Figure 1: The calibration process for virtual material properties, based on the reference study for our Rotating Drums DEM Rocky simulation [2]

Simulation Process: Fluent-Rocky Coupling, Defining Particles and Drum Rotation

For this Rotary Drum DEM Rocky study, we first designed a 3D model of a standard industrial rotating drum. The simulation was set up as Rocky DEM to capture the behavior of both the air and the solid particles at the same time. We injected a mix of three different particle types to study how they would separate. These included small spherical particles (2.5mm), large spherical particles (5mm), and polyhedral particles (3mm). The drum was set to spin at a speed of 15 revolutions per minute (rpm), which is a common speed for industrial mixing. In the Rocky DEM software, we defined all the important properties for the particles, such as their density and friction. The DEM part of the simulation handles all the physics of the particles hitting each other and the drum walls.

Figure 2: Initial setup of the three particle types within the drum for the CFD-DEM Coupling Simulation.

Post-processing: DEM Analysis, Visualizing Particle Velocity and Segregation

The velocity distribution contour gives us a clear view of the motion inside the drum.
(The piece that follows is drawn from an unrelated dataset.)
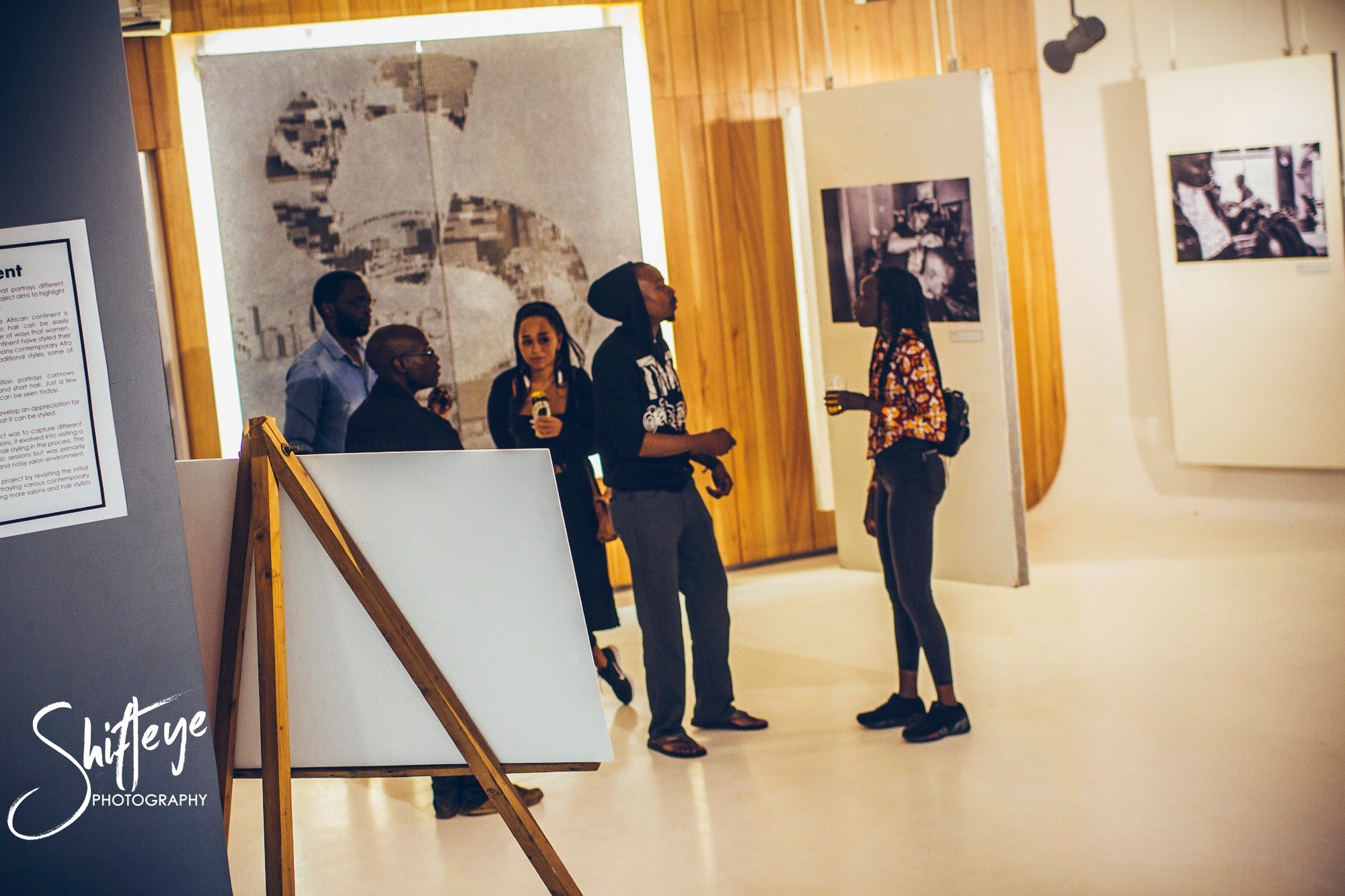 A group of five people inside an art gallery, observing and discussing paintings and photographs on display.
This professional visual shows that the particles move at different speeds, ranging from very slow (0.008 m/s, blue) to quite fast (1.07 m/s, red). The fastest particles are seen near the drum wall, where they are lifted up by the rotation, reaching speeds close to 1 m/s. These particles then fall back down into the main pile of material. At the very bottom of the drum, we see a large area of blue, indicating a slow-moving bed of particles where most of the gentle mixing happens. The lifters attached to the drum wall create localized areas of higher velocity (green and yellow) as they scoop up material and drop it, which helps to stir everything more actively.

Figure 3: Translational velocity distribution from the Rotary Drum Rocky DEM analysis, showing speeds from 0.008 m/s to 1.07 m/s at a rotation of 15 rpm.

The cross-section view of the particle sizes reveals a very important behavior called segregation. The color coding clearly shows that the different particle types have separated. The large, 5mm spherical particles (red) have gathered near the center and bottom of the mixing pile. In contrast, the smaller, 2.5mm particles (blue) are spread more evenly throughout the drum. This happens because the larger particles have more energy and tend to roll down the pile to the bottom. The 3mm polyhedral particles (light blue and green) are found in between. While the lifters help to fight this segregation, they cannot stop it completely. The most important achievement of this simulation is the successful use of a DEM model to accurately predict  the complex particle segregation patterns inside a rotary drum. This provides engineers with a powerful and trustworthy digital tool to optimize lifter designs and operating conditions to achieve better, more uniform mixing in real-world industrial applications.

Figure 4: Particle size distribution from the Particle Segregation analysis, showing how larger (red) and smaller (blue) particles separate during rotation.